(Collected data)
::::
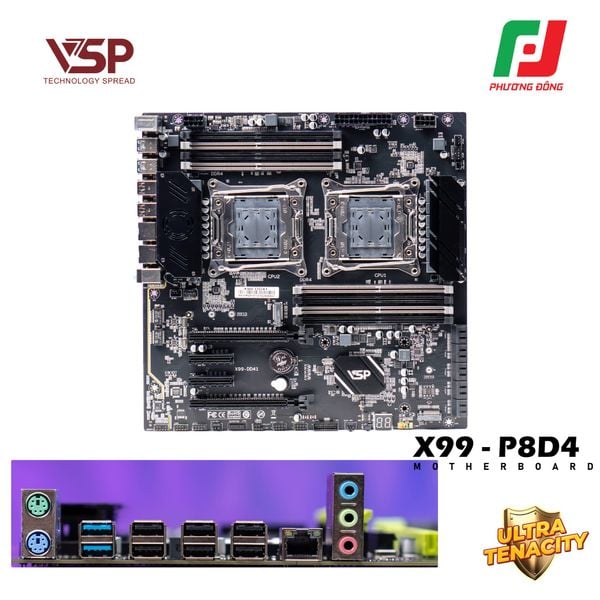  MAINBOARD VSP X99-P8D4 (INTEL LGA2011-V3/V4/ATX/128 DDR4) 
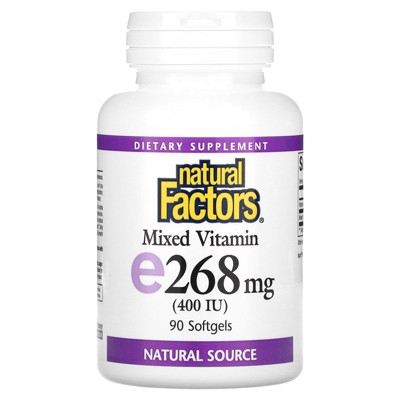 Natural Factors Mixed Vitamin E, 268 mg (400 IU), 90 Softgels
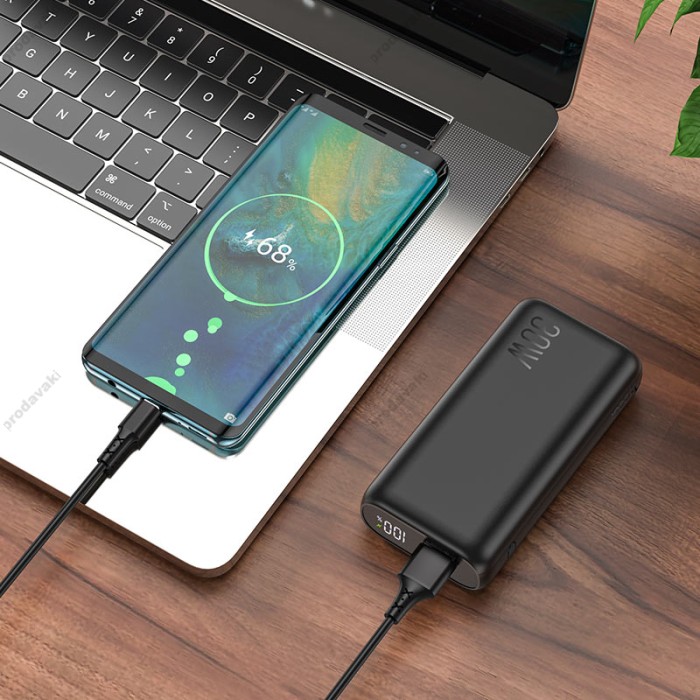 Повербанк портативний акумулятор Power bank HOCO Q5 Aegis 30W 10000 mAh Black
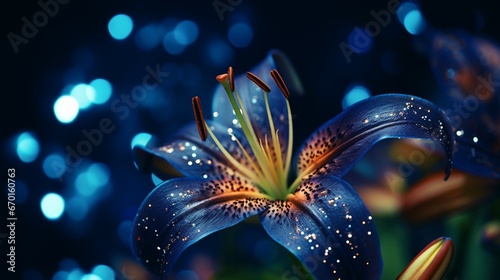 A mesmerizing close-up of a Starry Night Lily in full ultra HD, high resolution 8K. © Anmol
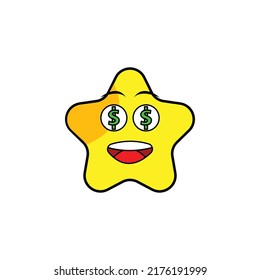 Emoticon template face expression icon vector on a white background.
::::
**Problem requirements**
Render all entries verbatim, excluding any pictures they hold.

**Solution for this exercise**
  MAINBOARD VSP X99-P8D4 (INTEL LGA2011-V3/V4/ATX/128 DDR4) 
 Natural Factors Mixed Vitamin E, 268 mg (400 IU), 90 Softgels
 Повербанк портативний акумулятор Power bank HOCO Q5 Aegis 30W 10000 mAh Black
 A mesmerizing close-up of a Starry Night Lily in full ultra HD, high resolution 8K. © Anmol
 Emoticon template face expression icon vector on a white background.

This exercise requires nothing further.